Tuesday, May 24, 2011

Proper breathing whlie running

One of the most common questions I hear from new runners is, “How can I prevent those annoying side stitches?” Side stiches, or cramps right under the rib cage, are sometimes a result of shallow breathing. One way to help avoid them is to breathe deeply from your belly. The idea is to draw the greatest amount of air into your lungs with each breath so that you’ll maximize your oxygen intake and ultimately boost your performance.

If you’ve ever done yoga, you may already be familiar with belly (or diaphragmatic) breathing. To do it while running, first check your posture and make sure you’re not slouching. Keep your shoulders relaxed, and shake out your arms if you’re feeling tension in your neck or shoulders.

As you breathe in through your mouth, push your abdomen out while pushing down and out with your diaphragm. This gives your lungs the most room to expand and draw in oxygen. You should feel your abdomen expanding, rather than your upper chest.

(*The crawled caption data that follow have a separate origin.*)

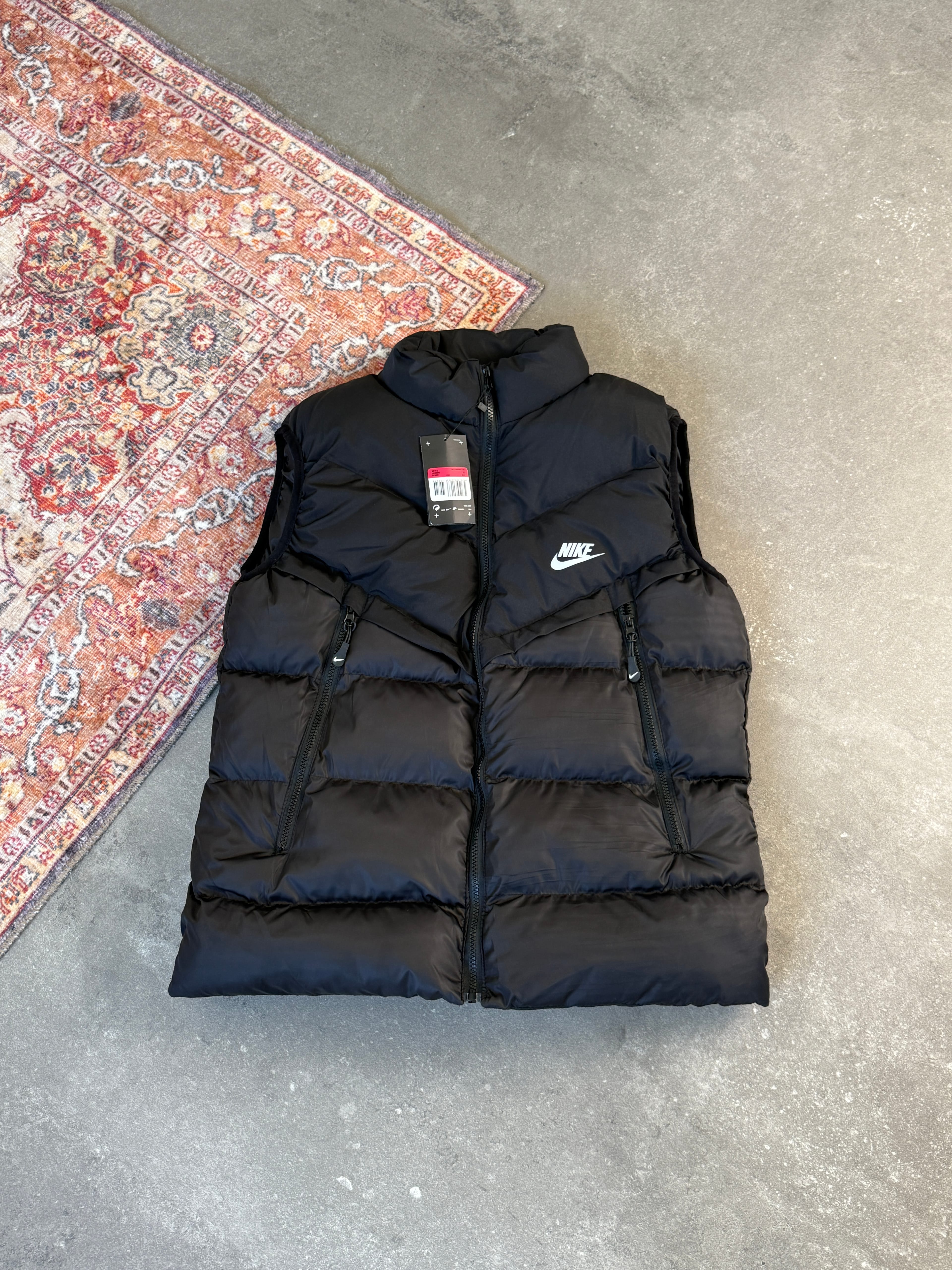 Nike Windrunner Shield Yelek l N-1102 - SİYAH
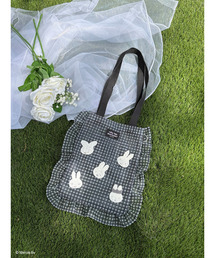 Miffy | miffy ギンガムメッシュトート(トートバッグ)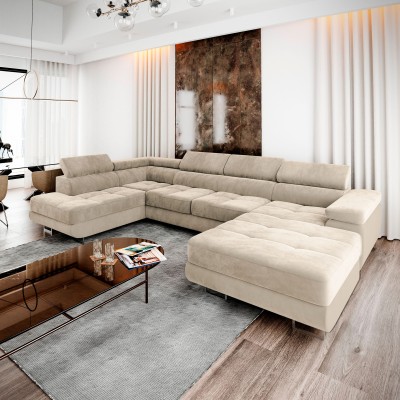 Narożnik CASONE L-S MONOLITH 04 do Salonu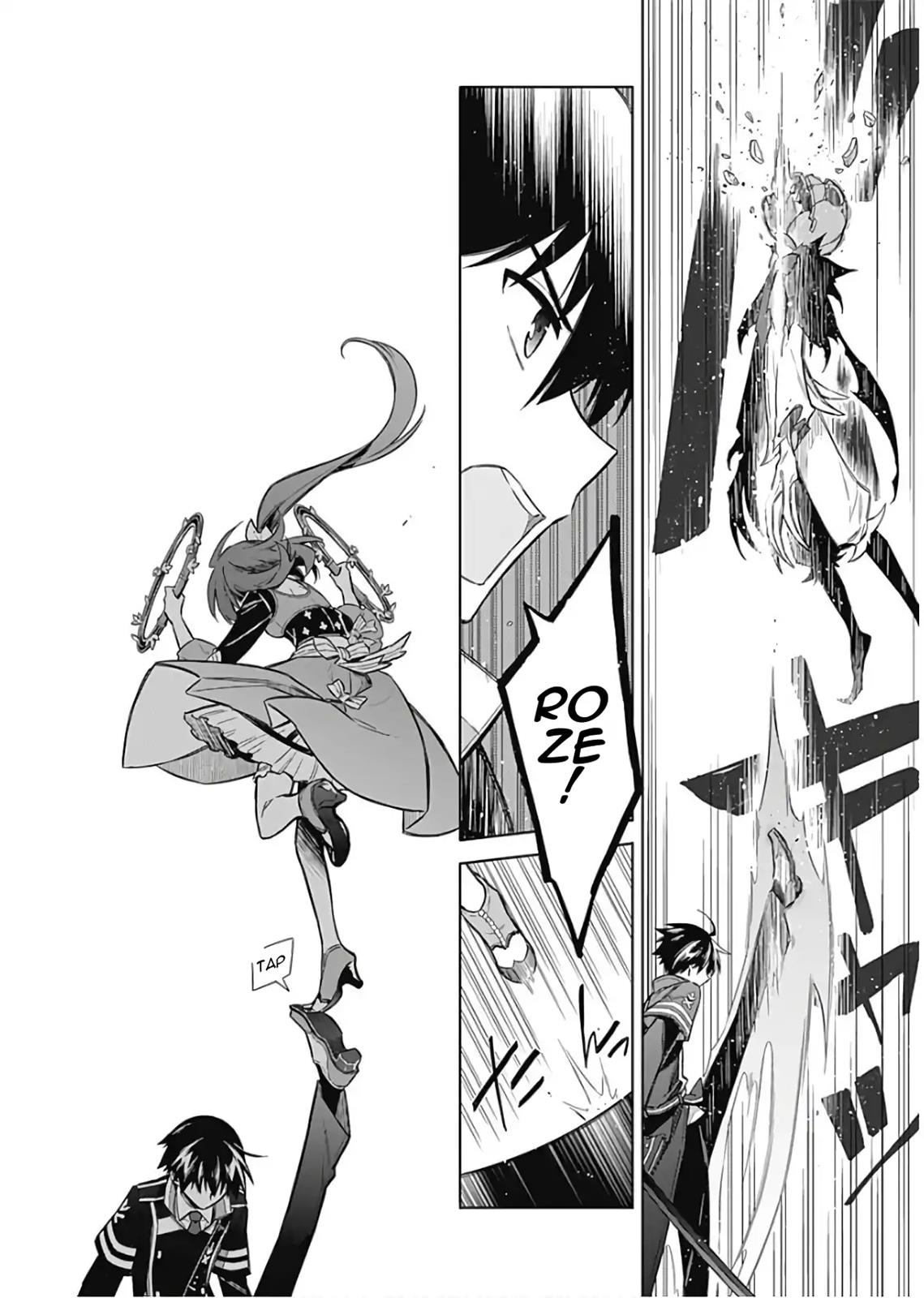 Assassin's Pride Chapter 15 - Page 10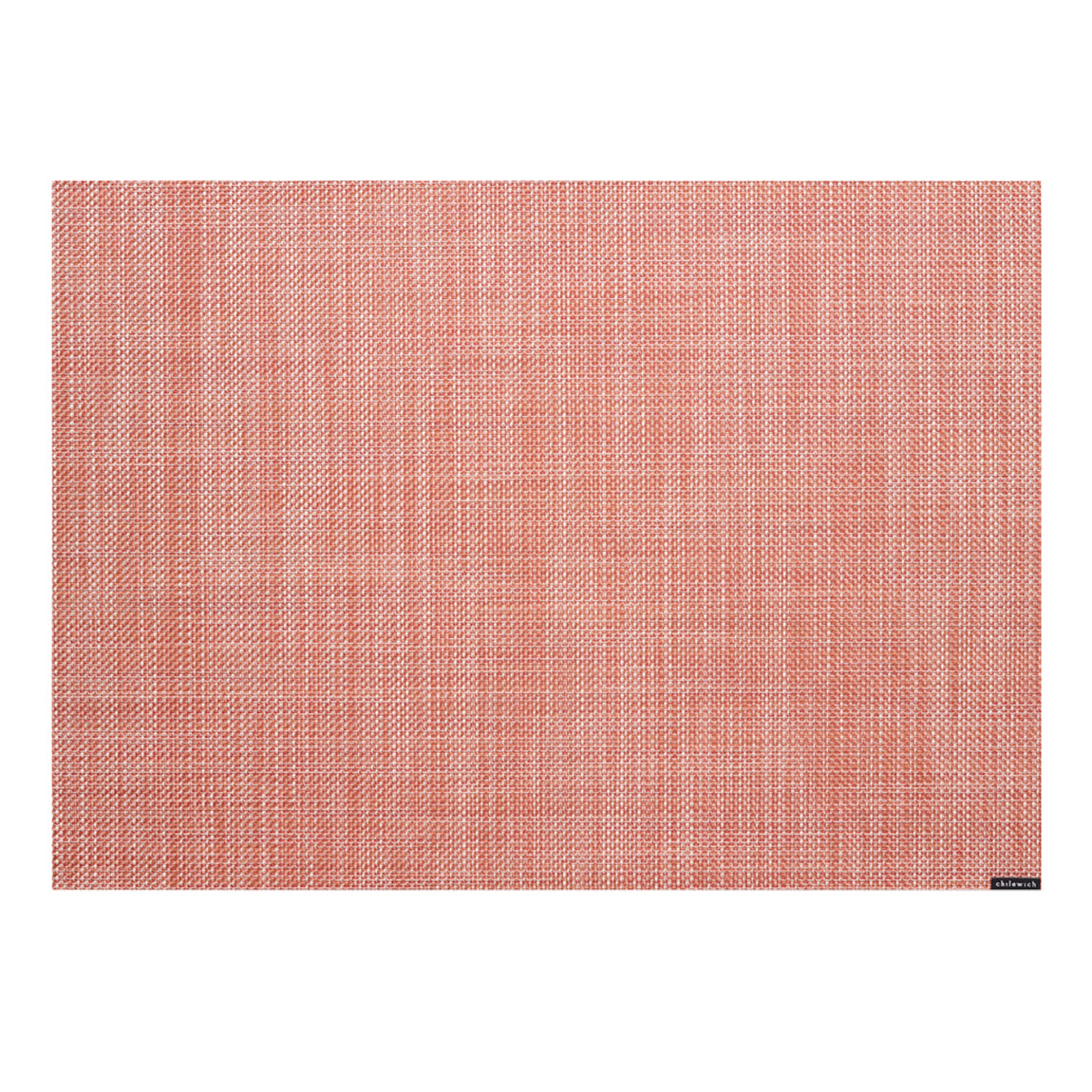 Mini Basketweave Placemats - Clay View 1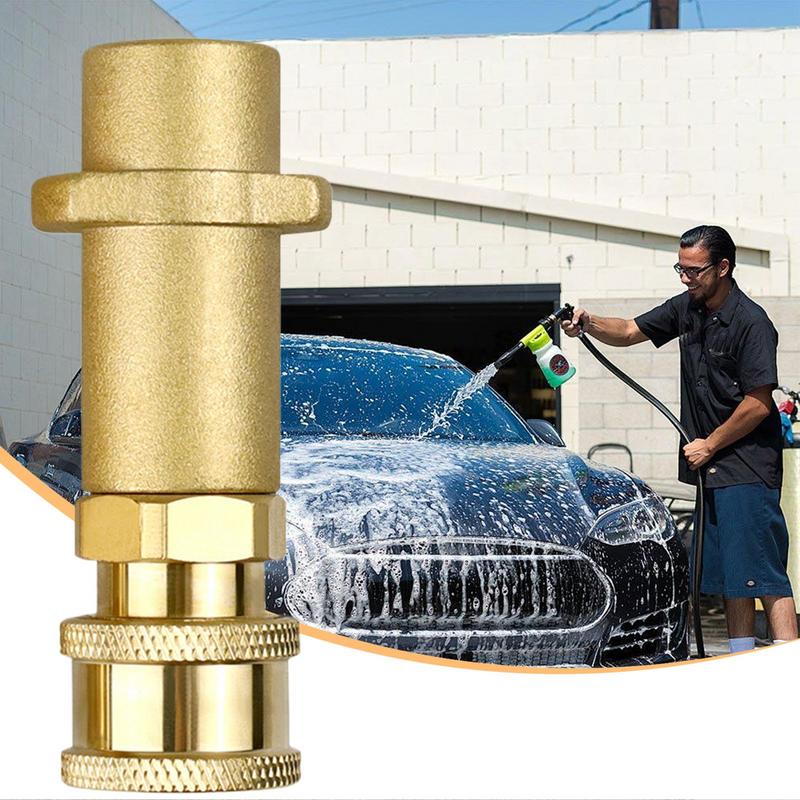 High Pressure Cleaning Machine Adapter 1/4 Quick Connect Joint Connector Joint For Cleaning Machine Conversion Connector Joint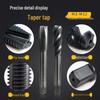 Spiral Tap Machine for M4-M16, Nitrided Hardened Taps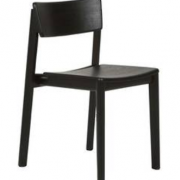 sketch chair black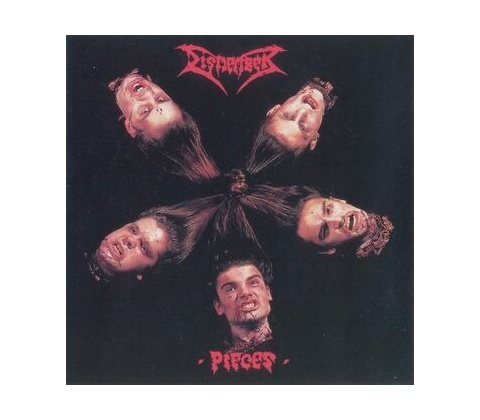 Dismember: Pieces EP : CD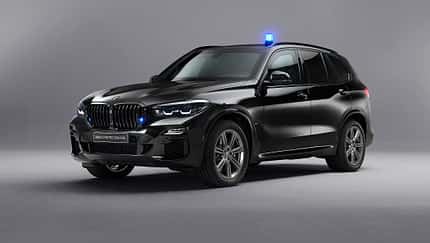 BMW X5 Protection VR6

Exhale slowly and evenly through your mouth. You can check to see if you’re doing it correctly by placing your hand flat against your abdomen, with your thumb near your belly button. You should feel your hand being pushed away as your abdomen rises.

If you’re having a tough time executing the technique while running, try practicing it while lying on your back. Watch your abdomen as you’re breathing—you should see it rise and fall with each breath. If you see only your chest moving up, you’re not breathing deeply enough.

Do you practice deep belly breathing?